CRC - Special Lecture - Stavroula Sofou

On Thursday, June  2nd, 2016 at 13:00 o'clock in Freie Universität Berlin, seminar room in Fabeckstr. 34-36, 14195 Berlin (Dahlem,

Prof. Stavroula Sofou, Ph.D. (Departments of Biomedical Engineering, and Chemical and Biochemical Engineering, Rutgers University, USA)

will speak on "Sticky patches on lipid nanoparticles generate binding geometries that enable effective targeting of otherwise untargetable cancers”.

 

Abstract:

The majority of breast cancer patients (70%) have tumors designated as 'HER2-negative' (<1+ HER2-expression evaluated by immunohistochemistry or < 200,000 HER2-copies per cell). For these patients there are no targeted therapeutic options utilizing the HER2 receptor. The ability of uniformly targeted nanoparticles for specific targeting stops to hold on cancer cells expressing less than 200,000 copies of HER2 per cell or less than two receptors per nanoparticle's projected area. This geometry corresponds to the limit of multivalent interactions (avidity) loosely defined as multiple contacts between neighboring same-cell receptors with ligands from a single nanoparticle.

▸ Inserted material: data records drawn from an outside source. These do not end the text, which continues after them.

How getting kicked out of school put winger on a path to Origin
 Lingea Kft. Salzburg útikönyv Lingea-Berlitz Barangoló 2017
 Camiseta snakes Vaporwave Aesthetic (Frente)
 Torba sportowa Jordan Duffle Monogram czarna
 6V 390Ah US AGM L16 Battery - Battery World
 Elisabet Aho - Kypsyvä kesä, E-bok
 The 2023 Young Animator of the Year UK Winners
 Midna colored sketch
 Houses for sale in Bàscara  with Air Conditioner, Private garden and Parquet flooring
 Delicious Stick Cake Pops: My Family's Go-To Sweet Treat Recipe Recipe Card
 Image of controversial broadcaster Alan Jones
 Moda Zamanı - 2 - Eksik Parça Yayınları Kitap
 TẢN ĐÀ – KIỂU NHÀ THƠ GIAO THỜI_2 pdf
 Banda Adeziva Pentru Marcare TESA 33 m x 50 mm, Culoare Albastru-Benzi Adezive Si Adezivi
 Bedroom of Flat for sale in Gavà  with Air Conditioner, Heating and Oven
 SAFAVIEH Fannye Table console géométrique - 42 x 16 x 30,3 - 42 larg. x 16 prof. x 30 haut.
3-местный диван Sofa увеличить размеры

An alternative therapeutic approach would be needed, therefore, to enable selective targeting and effective killing of cancer cells with low HER2 expression.

Towards this goal we designed targeted lipid nanoparticles that contain HER2-targeting ligands densely conjugated within sticky patches. Sticky patches are phase-separated raft-like lipid-domains of high local multivalency which is induced by preferential partitioning of peptide-functionalized lipids. To enable selectivity in binding, sticky patches are exclusively triggered to form in mildly acidic environments matching the tumor interstitium.

We show that lipid nanoparticles with sticky patches selectively associate with and kill triple negative breast cancer cells while do not affect cardiomyocytes and breast normal cells (both expressing the same targeted receptors at considerably lower but not insignificant levels). These findings support the potential of these new binding geometries to enable targeting of otherwise untargetable cancers.